Mais, précisément, c’est autour aussi d’ « être vivant », avec « j’écoute donc je suis », que se trame le livre, entre une autobiographie sondant les seuils de la vie et les écrivant par cette voie des rythmes et une reprise, voire une adresse à eux, des musiciens et écrivains phares, entre musique et poésie, avec la « radiophilie » (sixième série du livre) poursuivant les « illuminations auditives de ma vie » (p. 152) pour montrer comment la mémoire s’accroche à des voix et tient à des expériences fondatrices, moments d’une radiophilie dont il faut lire les différentes proses reconduisant à l’enfance, à ce qu’il y a d’enfance et de voix d’altérités ou encore d’écoute musicale dans l’écriture.

Le livre comprend donc sept parties qui disent les douleurs et l’élan d’une vie, la joie d’un vivre-écrire à quoi tout se rattache, par le rythme qui échafaude les points d’ancrage d’une existence qui se retrouve, se rencontre dans la musique et la poésie : on pense évidemment à « La musique souvent me prend comme une mer ! » de Baudelaire.
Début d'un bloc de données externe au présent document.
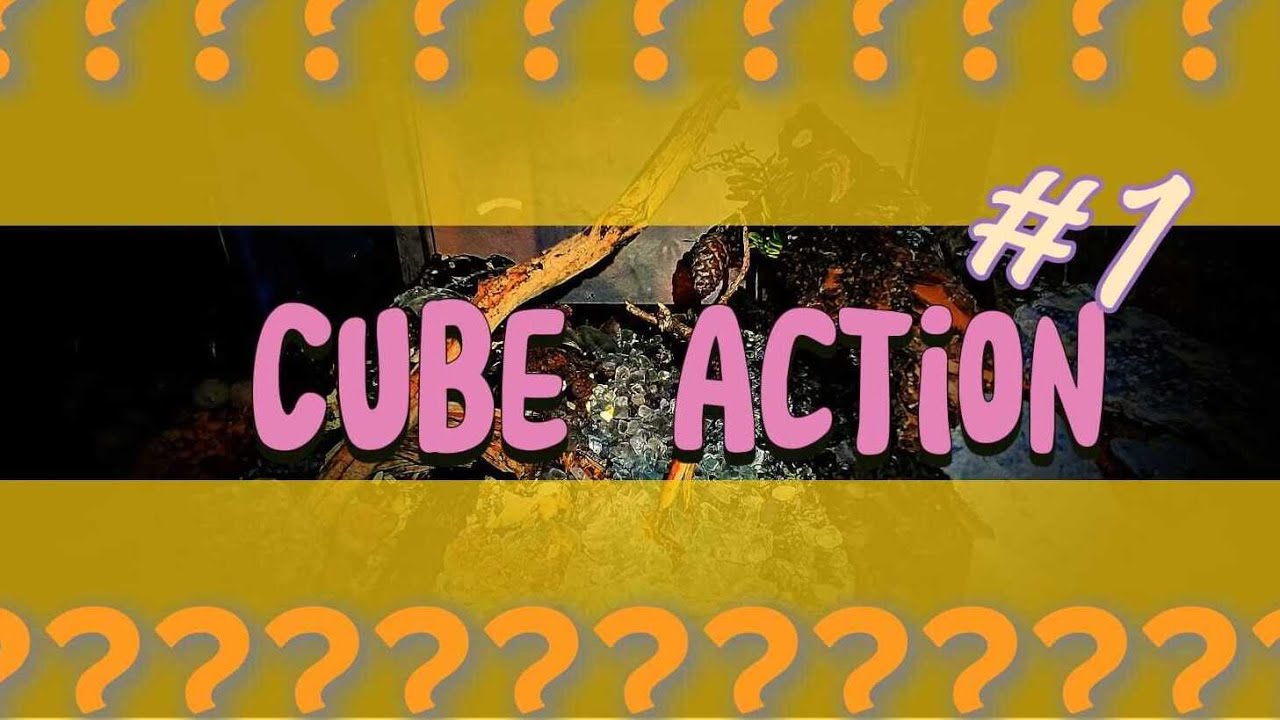 Cube Action #1 Holprig aber mit ENRG ins Projekt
On retiendra, de la dernière partie « La Cantillation du doute et de la grâce », une poétique qui ne se satisfait pas d’un élan lyrique, mais en travaille les nuances et se réinvente comme une recherche recommencée, une écriture en travail – citons : « Trajet spirituel : / Transmuer / Le doute // En confiance / Dans / Le / Peut-être ? » (p. 200) ; « Peut-être / L’émerveillement ?        Illumine ? » (p. 201) ; « Leçons / De lumière : Savoir / S’ouvrir / À // La jubilation » revenant sur « Chaque flexion sonore de la voix de soprano / dans les Leçons de ténèbres qui m’obsèdent / me voûte chaque jour un peu plus sur la page » (p. 42) et « Poésie : / Danse autour / Du peut-être ? » (p. 205) Cette dernière partie invite à créer ses propres trajets de lecture. Les lecteurs en apprécieront la mise en page, une spatialisation invitant aussi à refaire des trajets dans l’espace du livre pour en saisir des moments, les passages d’une « âpre ébauche », mais aussi d’une invention de soi dans des passages en fugue où s’ébauche une connaissance par l’écoute et le rythme.